• [PROBLEM TO SOLVE]: The records that follow are to be given again exactly. Do not carry over any image.

INFORMATION GIVEN Start Marker

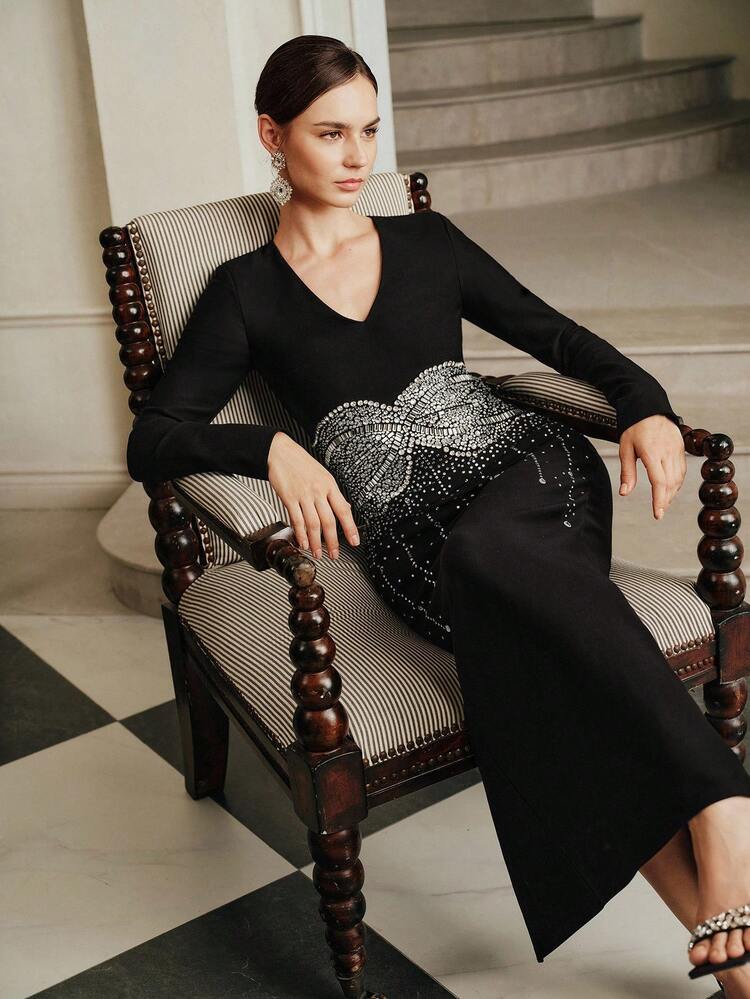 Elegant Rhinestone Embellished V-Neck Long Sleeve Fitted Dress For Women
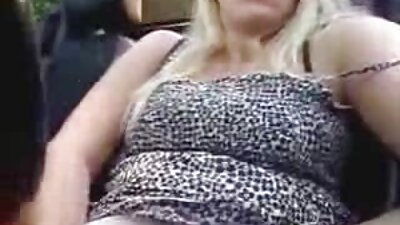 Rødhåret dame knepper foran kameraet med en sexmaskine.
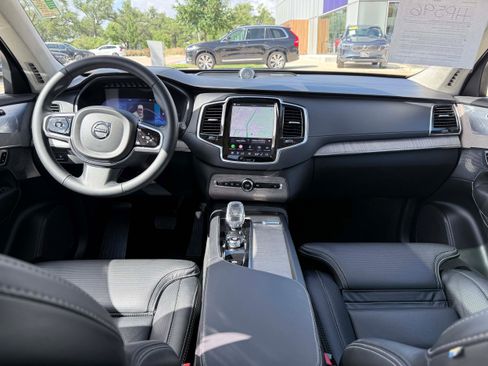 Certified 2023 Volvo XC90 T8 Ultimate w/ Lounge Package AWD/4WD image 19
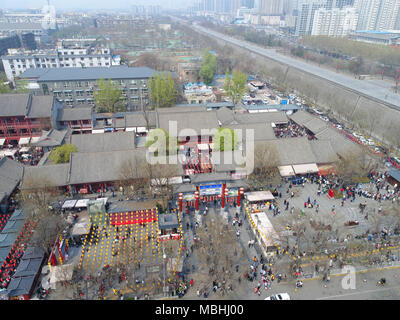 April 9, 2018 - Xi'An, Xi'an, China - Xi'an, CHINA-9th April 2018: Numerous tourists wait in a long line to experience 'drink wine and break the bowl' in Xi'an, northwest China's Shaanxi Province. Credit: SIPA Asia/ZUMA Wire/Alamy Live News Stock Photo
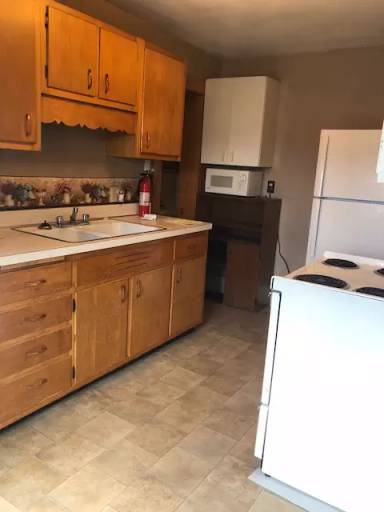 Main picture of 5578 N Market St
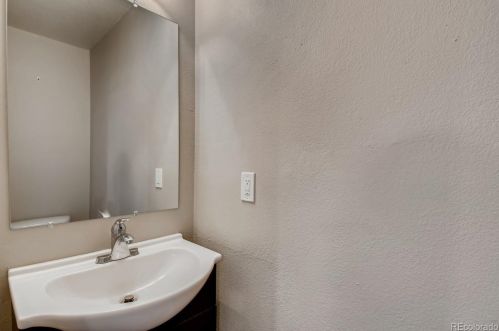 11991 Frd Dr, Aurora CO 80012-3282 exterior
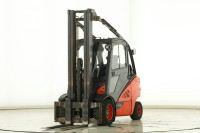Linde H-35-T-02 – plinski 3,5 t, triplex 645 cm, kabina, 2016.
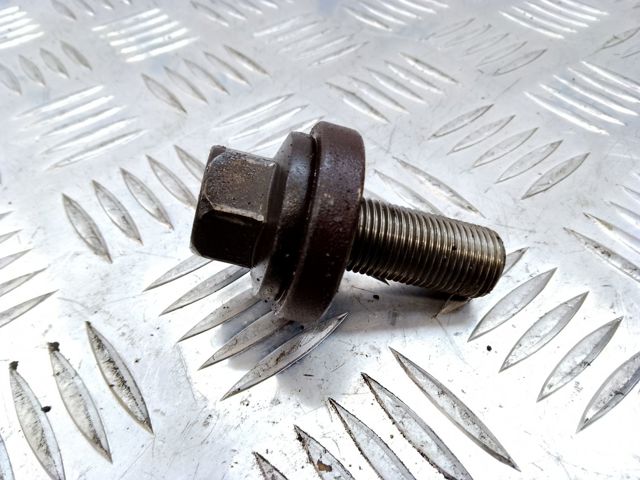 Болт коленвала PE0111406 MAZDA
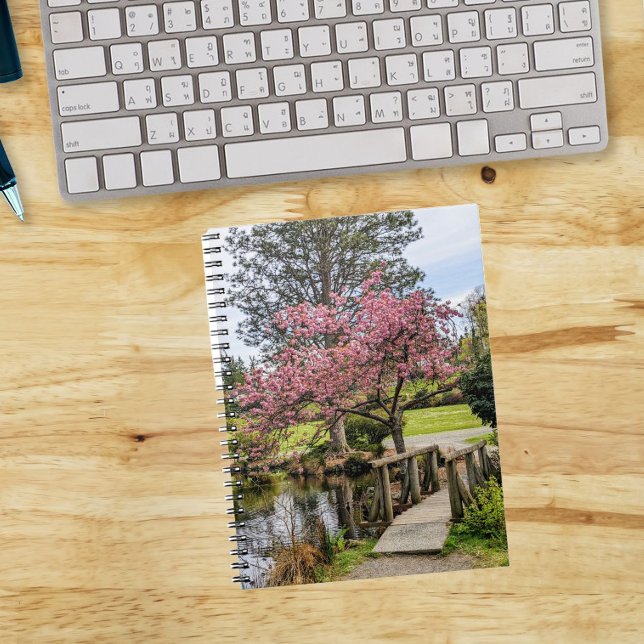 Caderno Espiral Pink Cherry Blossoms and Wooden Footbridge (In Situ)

INFORMATION GIVEN End Marker

• [COMPLETED TASK]:
 Elegant Rhinestone Embellished V-Neck Long Sleeve Fitted Dress For Women
 Rødhåret dame knepper foran kameraet med en sexmaskine.
 Certified 2023 Volvo XC90 T8 Ultimate w/ Lounge Package AWD/4WD image 19
 April 9, 2018 - Xi'An, Xi'an, China - Xi'an, CHINA-9th April 2018: Numerous tourists wait in a long line to experience 'drink wine and break the bowl' in Xi'an, northwest China's Shaanxi Province. Credit: SIPA Asia/ZUMA Wire/Alamy Live News Stock Photo
 Main picture of 5578 N Market St
 11991 Frd Dr, Aurora CO 80012-3282 exterior
Linde H-35-T-02 – plinski 3,5 t, triplex 645 cm, kabina, 2016.
 Болт коленвала PE0111406 MAZDA
 Caderno Espiral Pink Cherry Blossoms and Wooden Footbridge (In Situ)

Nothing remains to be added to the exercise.